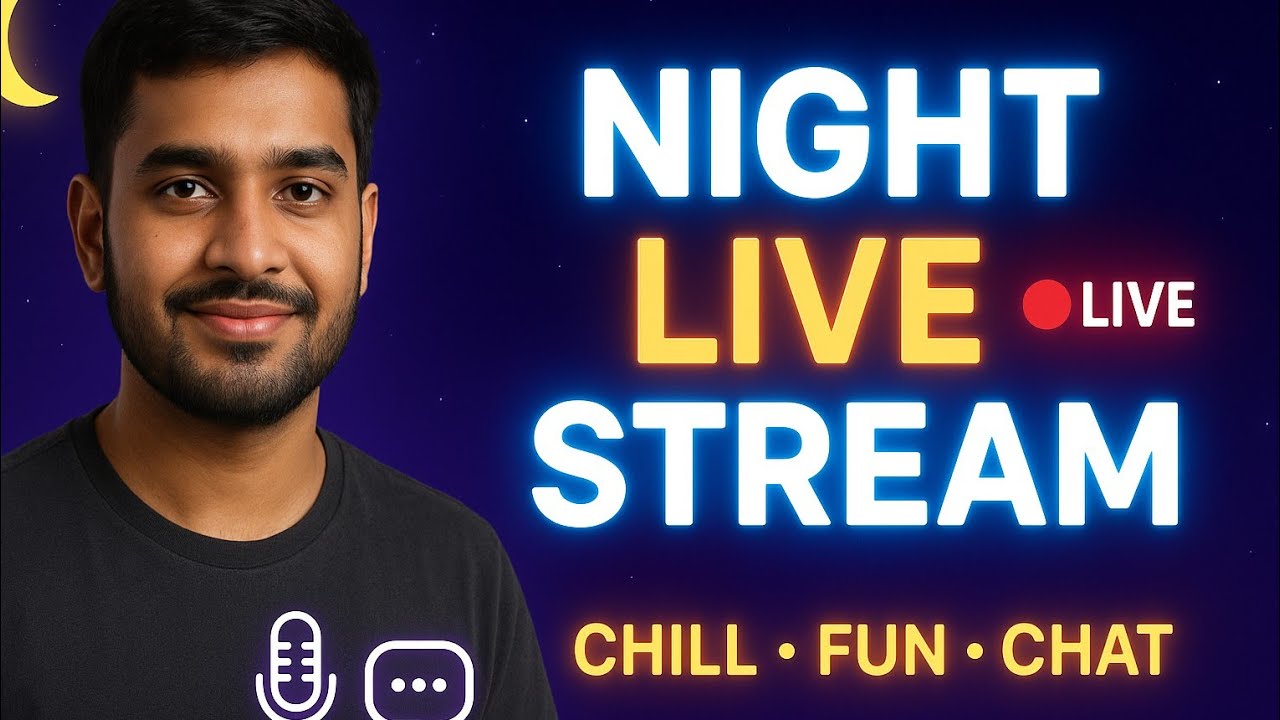 "🌙 Night Live Chat | Late Night Vibes 🔥 | Chill, Talk "#NightLive #LiveChat #LateNightVibes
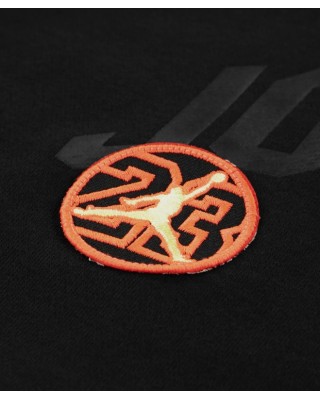 Jordan Jdb Mj Dynasty Ft Crew Παιδική Μπλούζα Μαύρη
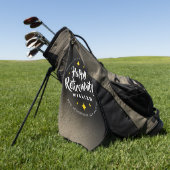 Fun Gold Glitzer Stars Rente Neue Abenteuer Golfhandtuch (Gras)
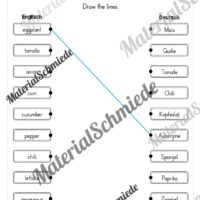 Gemüse (Vegetables) im Englischunterricht (Arbeitsblatt 13)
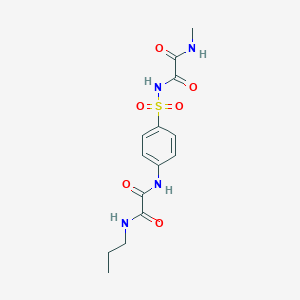 N-(4-((((Methylamino)oxoacetyl)amino)sulfonyl)phenyl)-N'-propylethanediamide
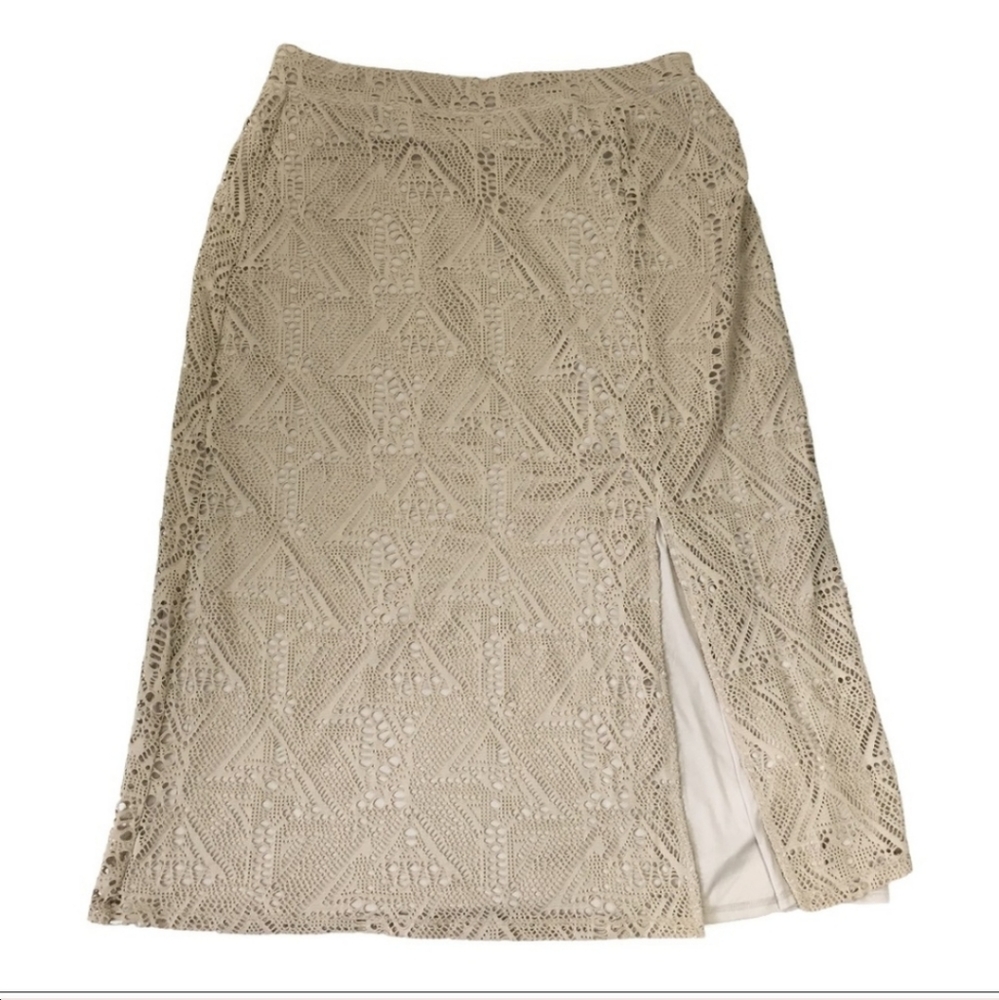 Chico's Crochet Skirt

────────────────────

Problem description: What you return must match the material above exactly, minus its pictures.

Reply to the task:
 "🌙 Night Live Chat | Late Night Vibes 🔥 | Chill, Talk "#NightLive #LiveChat #LateNightVibes
 Jordan Jdb Mj Dynasty Ft Crew Παιδική Μπλούζα Μαύρη
 Fun Gold Glitzer Stars Rente Neue Abenteuer Golfhandtuch (Gras)
 Gemüse (Vegetables) im Englischunterricht (Arbeitsblatt 13)
 N-(4-((((Methylamino)oxoacetyl)amino)sulfonyl)phenyl)-N'-propylethanediamide
 Chico's Crochet Skirt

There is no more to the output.